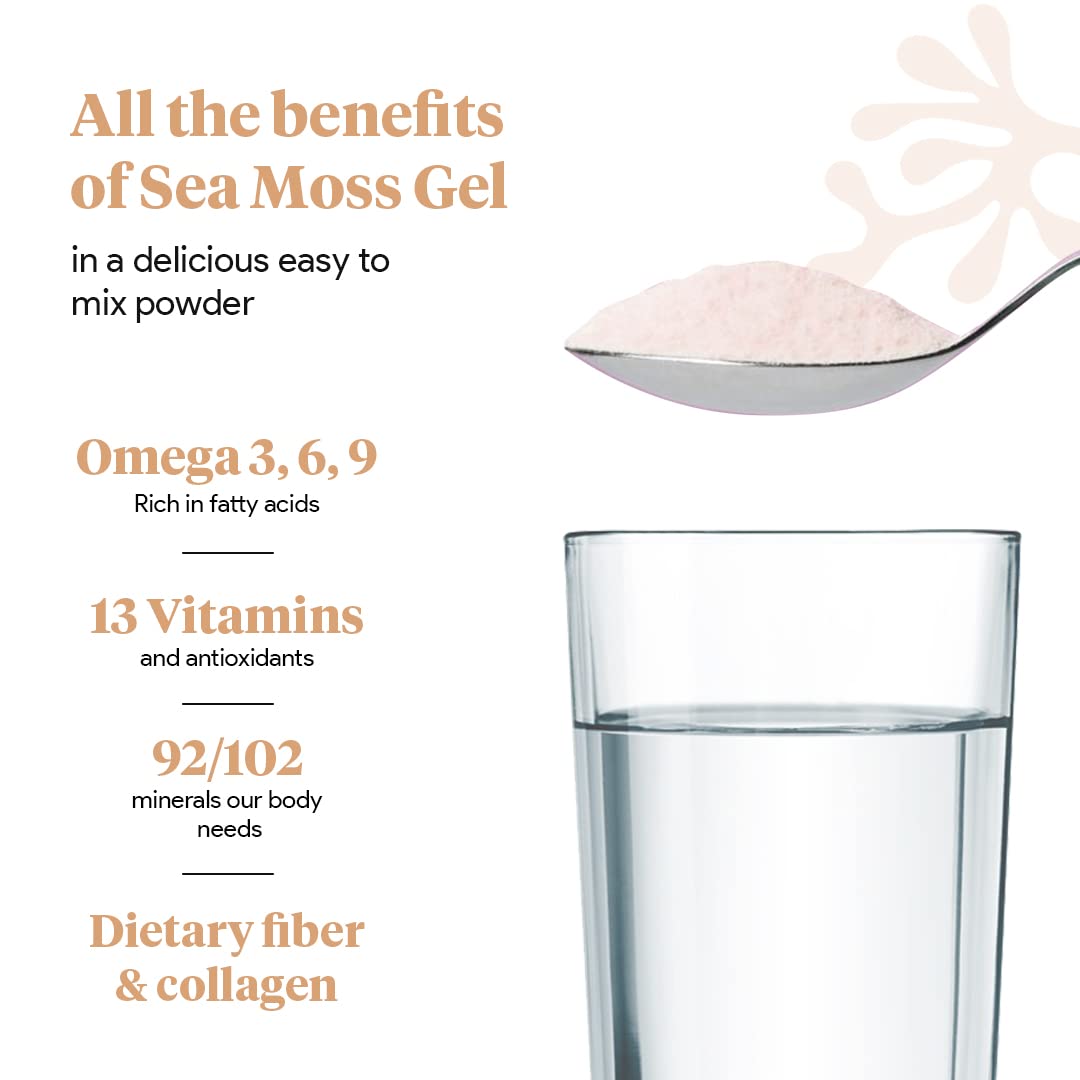 Organic Sea Moss Superfood Powder with Ashwagandha, Beet Root, and Maca Atlantic Naturals buy supplements canada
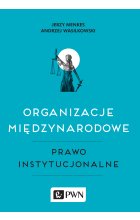 Organizacje międzynarodowe, Prawo instytucjonalne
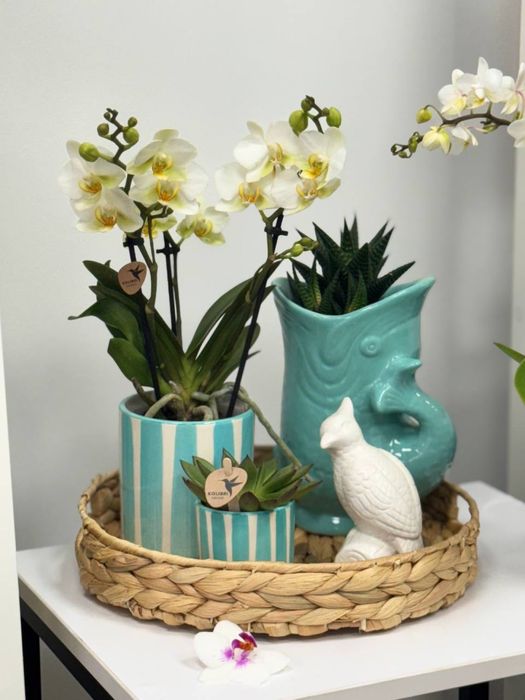 Подарункові набори, орхідеї, вазони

What is expected: Produce an exact copy of every line above, with the images left out.

Final answer:
 Organic Sea Moss Superfood Powder with Ashwagandha, Beet Root, and Maca Atlantic Naturals buy supplements canada
 Organizacje międzynarodowe, Prawo instytucjonalne
 Подарункові набори, орхідеї, вазони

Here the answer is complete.